22 August 2009

Cycle Friday: Stimulating the news cycle

I did the whole Brixton-Russell Sq Cycle Friday yesterday morning (right). This was in contrast to last week, when I just shuffled out to watch it go past my house, yawned, and went back to bed to shout at politicians on Radio 4.

The Cycle Fridays are fun, and I recommend them. They do seem to be succeeding in getting hesitant cyclists on the road and giving them a bit of confidence, and the atmosphere yesterday was good. I can see myself joining in purely for the social side, and the buzz of being with a large group of cyclists. Thanks to the proximity of the Brixton-Russell Sq route to home, I can easily join it as it passes, and it ends very near where I work. I'll do it every Friday from now until my contract finishes. Unfortunately my contract finishes next Friday.

Yesterday was business however - I'm writing it up for a well-known top-class cycling magazine - so I had to cycle away from my house to the start point at Brixton (right). And at Russell Square I couldn't continue on to work because I had a dentist's appointment... back beyond Brixton.
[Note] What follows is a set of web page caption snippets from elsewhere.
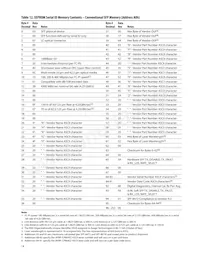 AFBR-57R6AEZ Datasheet Page 14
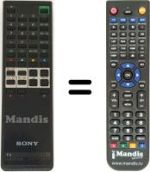 Comandos à distância equivalente Sony KV-M 1620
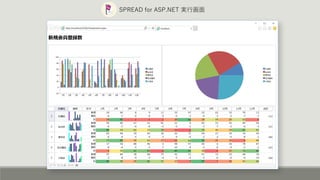 SPREAD for ASP.NET 実行画面
 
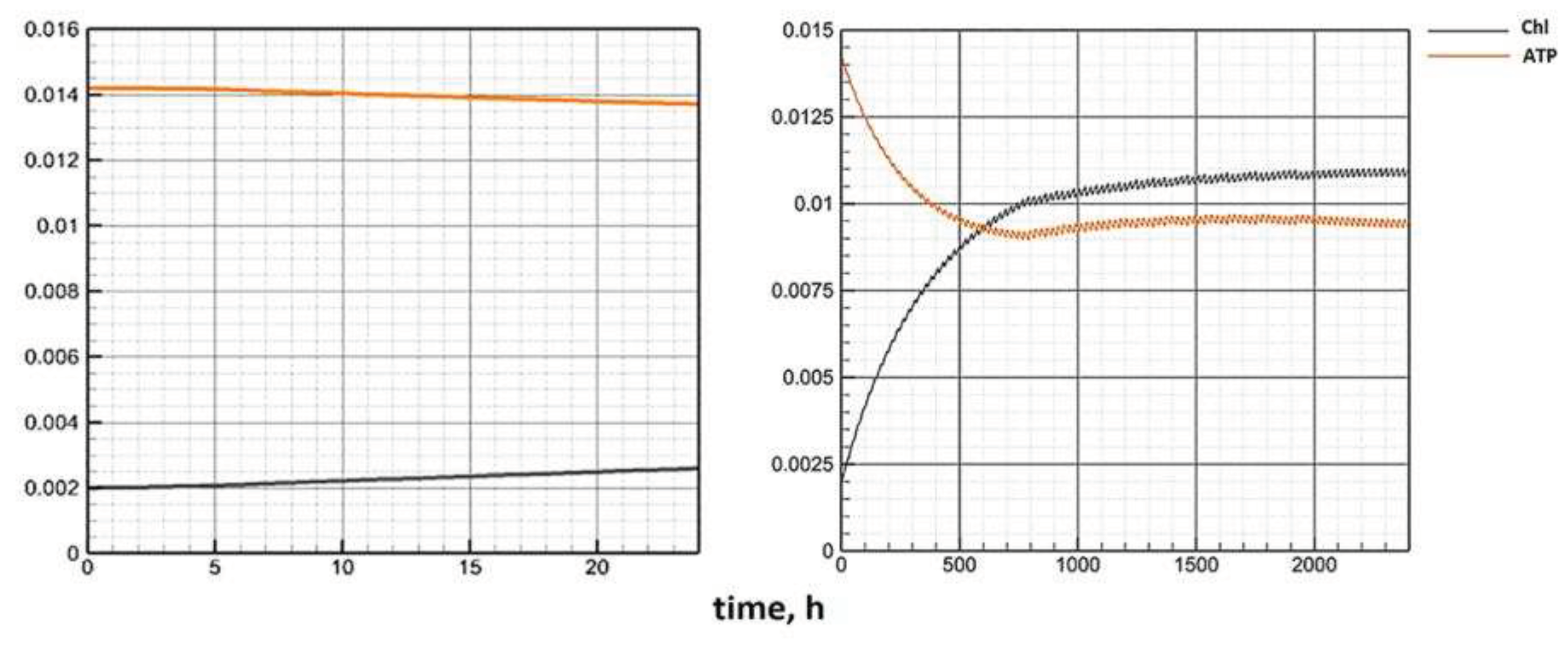 Preprints 76031 g009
After which I did eventually get to work, having done the Cycle Friday route four times.

Still, all enjoyable cycling on a fine sunny day, and interesting to watch the route evolve and change through the course of the morning, gaining a bit more broken glass here, another crisp packet here, a couple more escaped fillings there.

There are some enormous advantages of Cycle Fridays so far unmentioned. The two or three dozen riders yesterday were accompanied by almost the same number of journalists, reporters, bloggers, photographers, AudioBooers, and aspiring film-makers checking out the possibilities. Well, August can be a bit of a quiet month in news media... (The scheme has already, pleasingly, generated quite a bit of approving press coverage.)

So, 20 minutes before the ride started, when all the scribblers, snappers et al had arrived but none of the 'real' cyclists, you had the entertaining scene of them all interviewing each other (right), Whicker Island style.

Then, when the first real cyclist arrived (right), she was swooped on by a dozen of us with cameras, handheld sound recorders, iPhones and notebooks.

So need to go on the X-Factor if you want a taste of stardom: just turn up to a Cycle Friday about ten minutes early disguised as a normal person.

If Cycle Fridays achieve nothing else, at least TfL's value-for-money financial contribution has helped create a few media jobs.